## Task goal
Your task is to return exactly the lines that run from the one containing "NMNH Supplement Alternative" through the end of the listing below, without any pictures.

## Provided records
══════

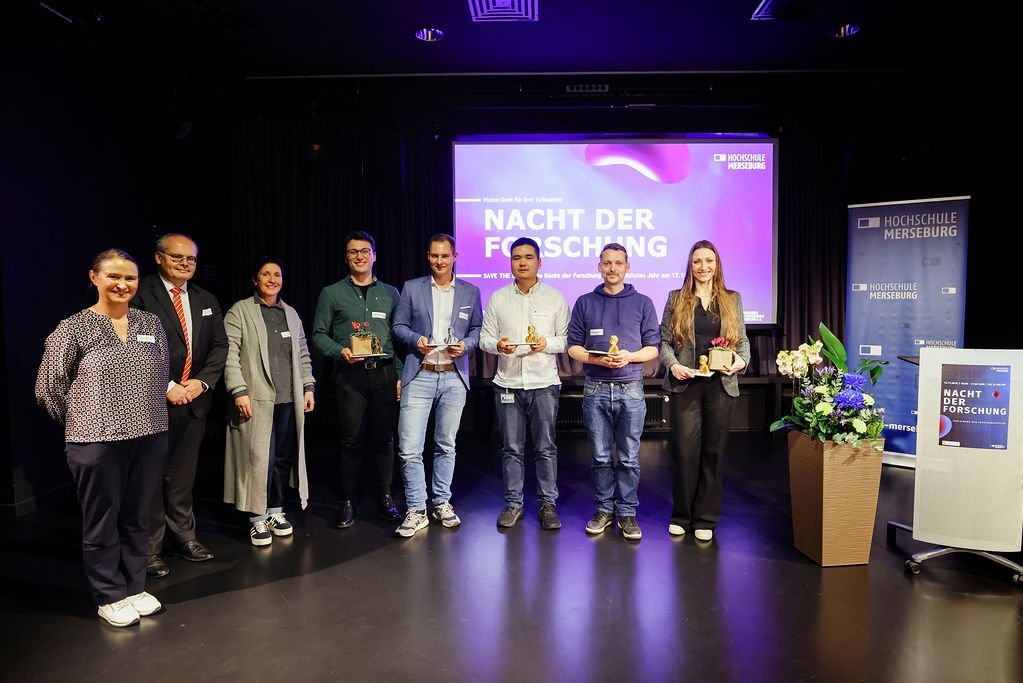 Alle Gewinner:innen des Forschungspreises.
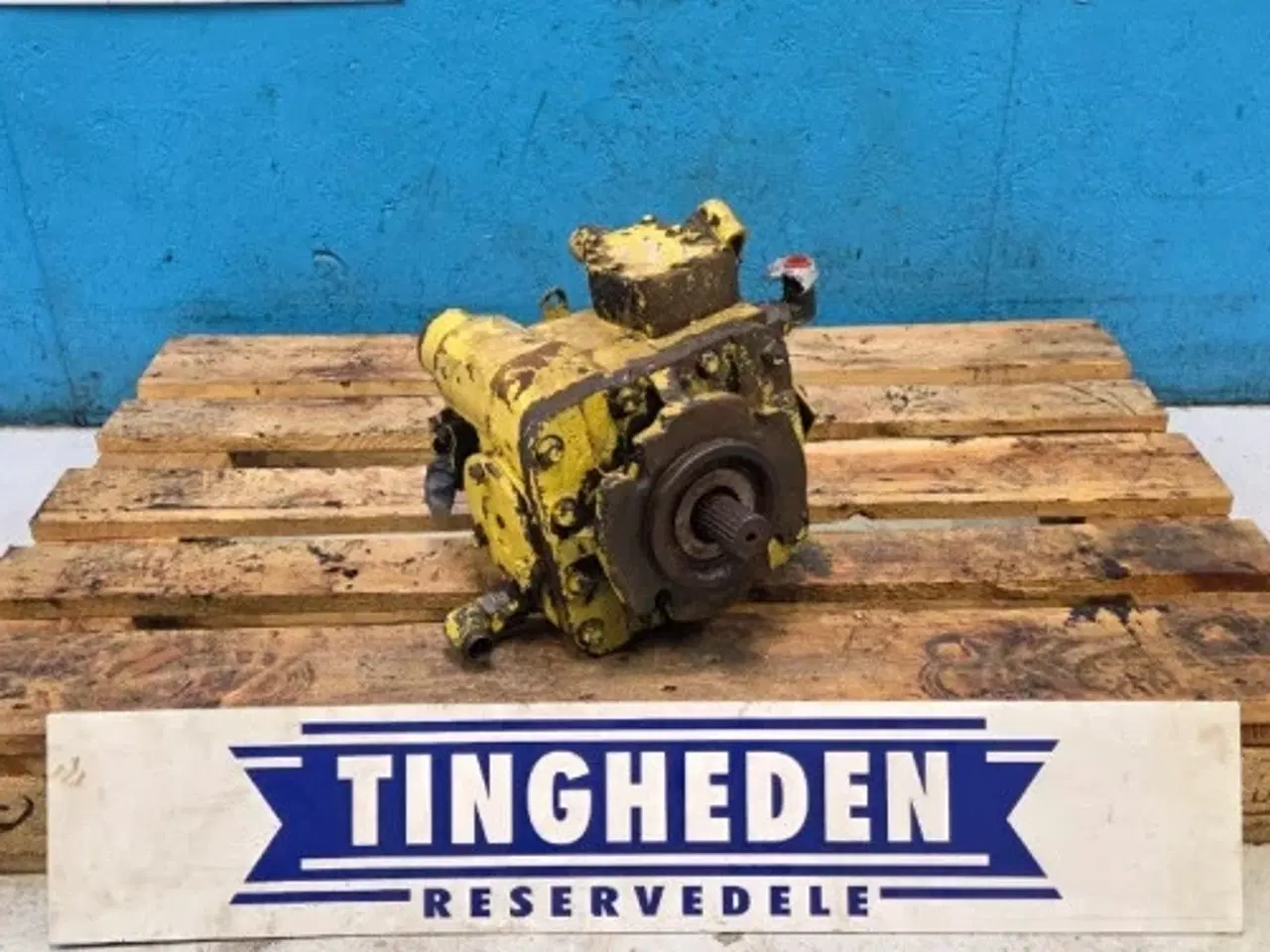 Billede 1 - New Holland 8080 Hydrostatpumpe 80391591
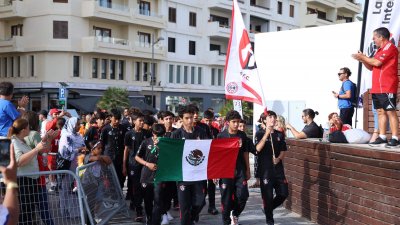 Inauguración de la Lanzarote International Cup, 2025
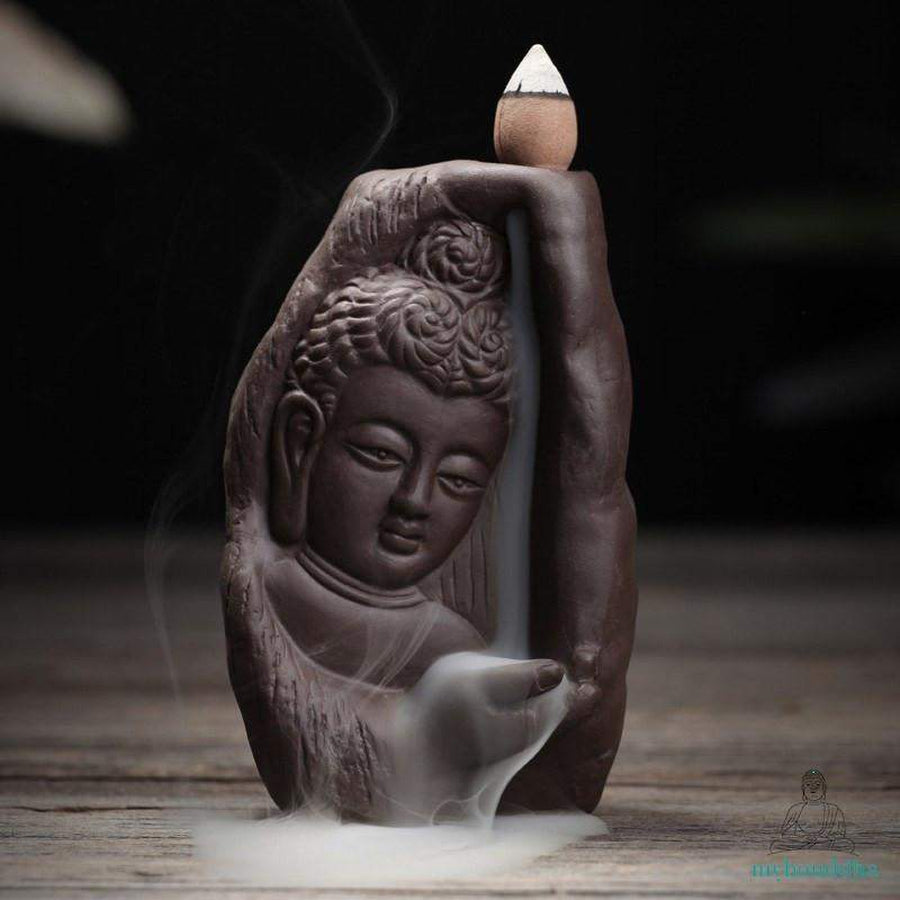 Encensoir Bouddha en Céramique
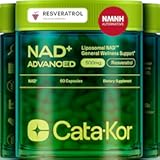NMNH Supplement Alternative – Liposomal NAD+ Resveratrol – 30-Day Supply – Third-Party Tested – 60 Capsules – Advanced NAD+ Supplement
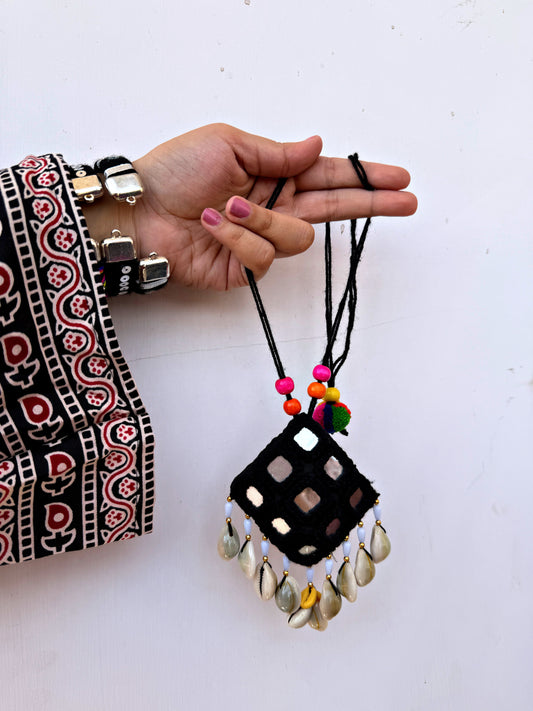 Maya Mirror Necklace (adjustable) ✨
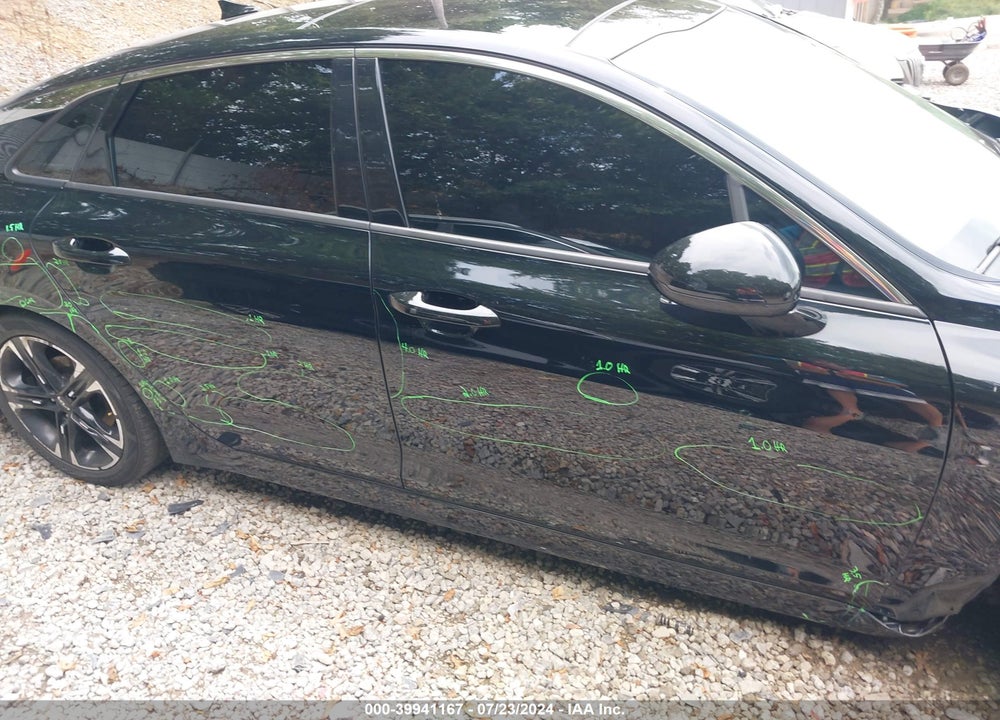 2022 KIA K5 GT LINE VIN: 5XXG64J27NG091701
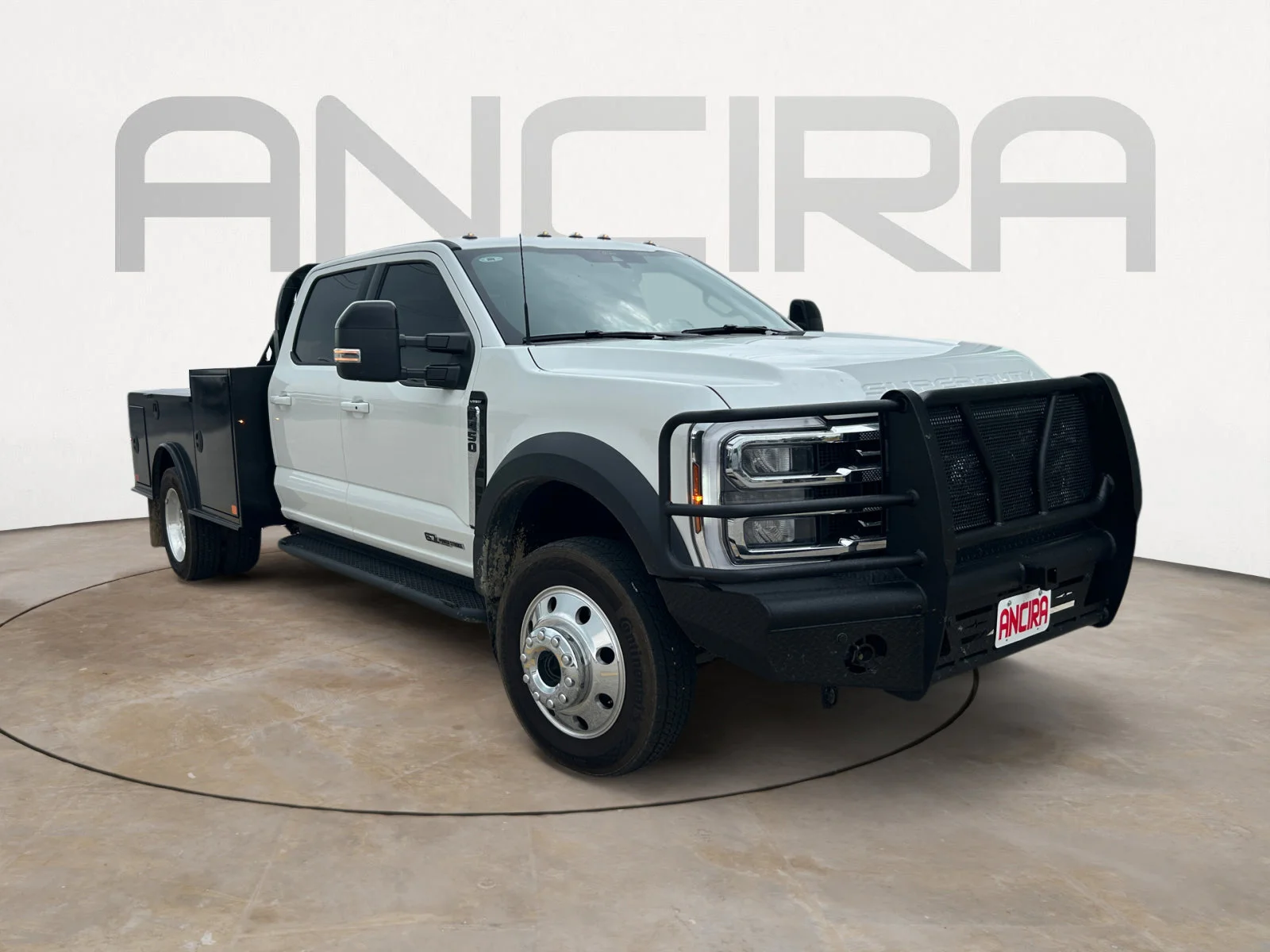 New 2026 White Metallic Ford LARIAT image 2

══════

## Solution to the problem
NMNH Supplement Alternative – Liposomal NAD+ Resveratrol – 30-Day Supply – Third-Party Tested – 60 Capsules – Advanced NAD+ Supplement
 Maya Mirror Necklace (adjustable) ✨
 2022 KIA K5 GT LINE VIN: 5XXG64J27NG091701
 New 2026 White Metallic Ford LARIAT image 2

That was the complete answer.